Data for analysis:

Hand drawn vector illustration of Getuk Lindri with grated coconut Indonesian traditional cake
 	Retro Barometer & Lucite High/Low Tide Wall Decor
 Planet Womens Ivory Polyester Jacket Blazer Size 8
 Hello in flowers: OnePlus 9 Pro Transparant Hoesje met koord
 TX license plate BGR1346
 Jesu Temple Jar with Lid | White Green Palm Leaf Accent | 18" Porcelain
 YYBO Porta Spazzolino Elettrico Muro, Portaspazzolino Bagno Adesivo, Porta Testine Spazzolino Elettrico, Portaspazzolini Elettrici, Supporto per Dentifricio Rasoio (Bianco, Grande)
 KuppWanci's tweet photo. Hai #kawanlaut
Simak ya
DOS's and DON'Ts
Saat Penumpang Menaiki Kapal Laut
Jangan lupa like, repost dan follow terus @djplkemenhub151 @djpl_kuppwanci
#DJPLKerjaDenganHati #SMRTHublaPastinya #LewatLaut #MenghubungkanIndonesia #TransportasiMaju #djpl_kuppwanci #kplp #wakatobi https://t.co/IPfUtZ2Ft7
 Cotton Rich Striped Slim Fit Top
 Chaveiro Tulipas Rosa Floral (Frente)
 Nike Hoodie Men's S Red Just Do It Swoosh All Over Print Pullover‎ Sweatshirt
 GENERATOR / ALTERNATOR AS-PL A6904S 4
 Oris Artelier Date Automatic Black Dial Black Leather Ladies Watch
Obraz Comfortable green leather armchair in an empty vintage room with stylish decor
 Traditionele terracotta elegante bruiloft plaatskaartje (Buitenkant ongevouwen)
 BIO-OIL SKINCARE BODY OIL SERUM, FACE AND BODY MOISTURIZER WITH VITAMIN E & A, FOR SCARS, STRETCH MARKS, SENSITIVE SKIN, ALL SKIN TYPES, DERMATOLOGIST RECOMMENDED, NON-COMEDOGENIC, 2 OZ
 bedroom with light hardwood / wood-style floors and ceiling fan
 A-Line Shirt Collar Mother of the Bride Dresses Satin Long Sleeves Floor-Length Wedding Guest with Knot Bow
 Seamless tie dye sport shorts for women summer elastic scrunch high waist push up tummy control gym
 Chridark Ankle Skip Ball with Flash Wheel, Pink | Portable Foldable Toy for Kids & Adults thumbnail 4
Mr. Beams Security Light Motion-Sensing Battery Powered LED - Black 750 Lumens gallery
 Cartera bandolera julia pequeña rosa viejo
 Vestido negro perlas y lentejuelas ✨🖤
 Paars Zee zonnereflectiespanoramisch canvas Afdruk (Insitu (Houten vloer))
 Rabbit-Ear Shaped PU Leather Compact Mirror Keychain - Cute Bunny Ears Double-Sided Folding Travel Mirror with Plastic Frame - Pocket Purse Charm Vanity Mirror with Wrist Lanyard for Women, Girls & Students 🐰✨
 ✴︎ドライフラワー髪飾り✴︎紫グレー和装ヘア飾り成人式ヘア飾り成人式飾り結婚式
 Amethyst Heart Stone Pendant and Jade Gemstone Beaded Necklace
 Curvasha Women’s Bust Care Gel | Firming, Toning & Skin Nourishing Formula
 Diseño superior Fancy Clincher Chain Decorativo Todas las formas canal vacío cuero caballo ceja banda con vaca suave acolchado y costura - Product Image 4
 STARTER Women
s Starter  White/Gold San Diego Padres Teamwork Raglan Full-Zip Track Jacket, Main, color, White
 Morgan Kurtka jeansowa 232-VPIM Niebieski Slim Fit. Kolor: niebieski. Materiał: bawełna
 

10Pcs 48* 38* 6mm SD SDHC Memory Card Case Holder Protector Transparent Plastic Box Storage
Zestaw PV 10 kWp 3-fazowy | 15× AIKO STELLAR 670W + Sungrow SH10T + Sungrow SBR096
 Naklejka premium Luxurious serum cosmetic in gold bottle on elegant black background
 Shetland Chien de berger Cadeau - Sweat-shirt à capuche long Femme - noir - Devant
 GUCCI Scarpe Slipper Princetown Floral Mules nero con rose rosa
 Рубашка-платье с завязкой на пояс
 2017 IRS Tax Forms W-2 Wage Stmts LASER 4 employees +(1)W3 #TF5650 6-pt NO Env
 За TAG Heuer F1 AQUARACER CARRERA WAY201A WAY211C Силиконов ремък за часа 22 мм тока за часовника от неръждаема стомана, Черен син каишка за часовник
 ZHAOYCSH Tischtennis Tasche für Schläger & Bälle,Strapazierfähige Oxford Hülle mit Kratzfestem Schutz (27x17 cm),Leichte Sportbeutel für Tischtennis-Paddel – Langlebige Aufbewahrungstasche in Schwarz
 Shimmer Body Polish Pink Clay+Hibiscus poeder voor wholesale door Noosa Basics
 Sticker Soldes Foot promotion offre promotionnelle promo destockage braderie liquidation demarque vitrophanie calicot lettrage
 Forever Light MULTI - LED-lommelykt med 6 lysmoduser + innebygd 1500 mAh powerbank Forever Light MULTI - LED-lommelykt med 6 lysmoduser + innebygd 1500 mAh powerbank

Your task: Copy out, exactly and alone, the lines of the entries above between the ones holding "Jesu Temple Jar" and "Seamless tie dye", inclusive.

Your response:
 Jesu Temple Jar with Lid | White Green Palm Leaf Accent | 18" Porcelain
 YYBO Porta Spazzolino Elettrico Muro, Portaspazzolino Bagno Adesivo, Porta Testine Spazzolino Elettrico, Portaspazzolini Elettrici, Supporto per Dentifricio Rasoio (Bianco, Grande)
 KuppWanci's tweet photo. Hai #kawanlaut
Simak ya
DOS's and DON'Ts
Saat Penumpang Menaiki Kapal Laut
Jangan lupa like, repost dan follow terus @djplkemenhub151 @djpl_kuppwanci
#DJPLKerjaDenganHati #SMRTHublaPastinya #LewatLaut #MenghubungkanIndonesia #TransportasiMaju #djpl_kuppwanci #kplp #wakatobi https://t.co/IPfUtZ2Ft7
 Cotton Rich Striped Slim Fit Top
 Chaveiro Tulipas Rosa Floral (Frente)
 Nike Hoodie Men's S Red Just Do It Swoosh All Over Print Pullover‎ Sweatshirt
 GENERATOR / ALTERNATOR AS-PL A6904S 4
 Oris Artelier Date Automatic Black Dial Black Leather Ladies Watch
Obraz Comfortable green leather armchair in an empty vintage room with stylish decor
 Traditionele terracotta elegante bruiloft plaatskaartje (Buitenkant ongevouwen)
 BIO-OIL SKINCARE BODY OIL SERUM, FACE AND BODY MOISTURIZER WITH VITAMIN E & A, FOR SCARS, STRETCH MARKS, SENSITIVE SKIN, ALL SKIN TYPES, DERMATOLOGIST RECOMMENDED, NON-COMEDOGENIC, 2 OZ
 bedroom with light hardwood / wood-style floors and ceiling fan
 A-Line Shirt Collar Mother of the Bride Dresses Satin Long Sleeves Floor-Length Wedding Guest with Knot Bow
 Seamless tie dye sport shorts for women summer elastic scrunch high waist push up tummy control gym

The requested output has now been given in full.